Greenberg: Mellon gave a round of grants starting in 2015 for the development of an ecosystem of digital publishing, and NYU was in that first group of grantees. After about four years, we recognized the need to start thinking more in depth about preservation. The University of Minnesota Press and CUNY Graduate Center had been building Manifold, University of Michigan Publishing had been building Fulcrum, and other platforms were underway and doing interesting stuff, but as publishers published more complex digital work, they ran up against the limits of the existing digital preservation infrastructure.
And so we, along with Portico and a number of other partners, initiated a project, Enhancing Services to Preserve New Forms of Scholarship, which aimed to improve services that already exist at places like Portico and CLOCKSS so that they could accommodate publications that had embedded multimedia, or publications that were websites and not conventional narrative.
We realized early on in that project that there were things that publishers could be doing, that scholars could be doing, upstream of the preservation process that could make a big difference.
What kind of things?
Out of that first project came guidelines that we’ve now revised, and those guidelines are best practices for how you use platforms, how you choose platforms for publishing, how you might use audiovisual materials in publications; things like defining the core intellectual components of your publication so that when you get to the stage where you’re thinking about preservation, you know what it is that you need to be preserved.
Our hope was that publishers, scholars, and platforms would see the guidelines and be able to act before the publication was out the door, and before it got to a place like Portico or CLOCKSS. We also realized that our guidelines were hefty and complicated for many publishers. Many of these things are technical points that an editor at a university press might not understand. There were originally sixty-eight guidelines. There are now seventy-two. It’s a lot, and so through the Embedding Preservability in New Forms of Scholarship project, which is the follow-up, we got the sense that a lot of publishers who need this, needed a way to guide them through the guidelines. So, we developed a self-assessment tool.

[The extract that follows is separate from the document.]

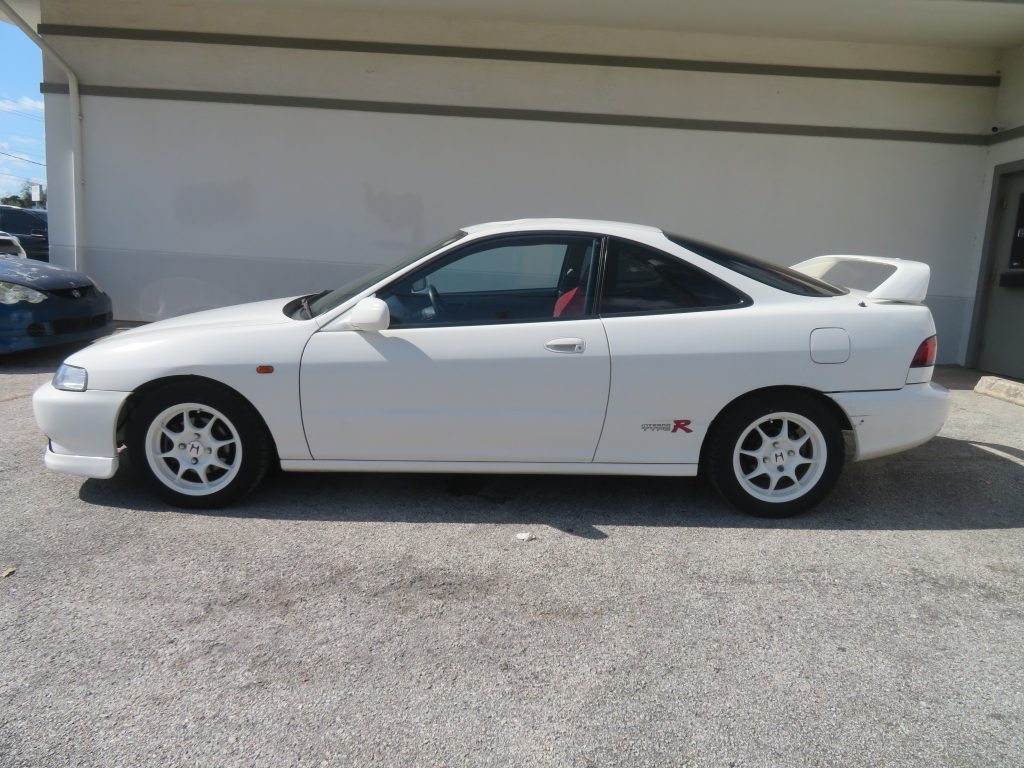 1998 Honda Integra Type-R – JDM King Imports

How was the tool developed?
The project centered on an embedding process where we would meet with publishers over the course of the publication process. We had questions that we asked—all recorded in a shared document—and we’d follow up at key points in the publication process and give specific advice. The process worked well, but this is a grant-funded project—we’re not there in perpetuity, and we could only embed with a handful of publishers to begin with.
So, we decided to create a self-assessment tool as a way to approximate our embedding process. We conducted workshops at which participants used the self-assessment tool, and we continued to refine the tool as we learned from those workshops. The tool guides publishers or others involved in creating digital scholarship through this four-step process.
Do guidelines rely on the idea that in addition to editing a manuscript, editors must undertake this self-assessment? How is a medium-sized or a small university press, with limited resources, supposed to move through this self-assessment?
We imagine that this is useful beyond university presses, that there are many types of publishers throughout the whole ecosystem—whether they’re scientific publishers, publishing articles that have data visualizations in them, whether they’re digital humanists building work on their own— there are a wide range of people who might find this useful.
It’s important to realize that there aren’t many university presses doing this kind of complex work. And in order to create digital monographs that do have multimedia in them or have aspects that rise above what a conventional monograph has, you need the staff and the workflows to support that.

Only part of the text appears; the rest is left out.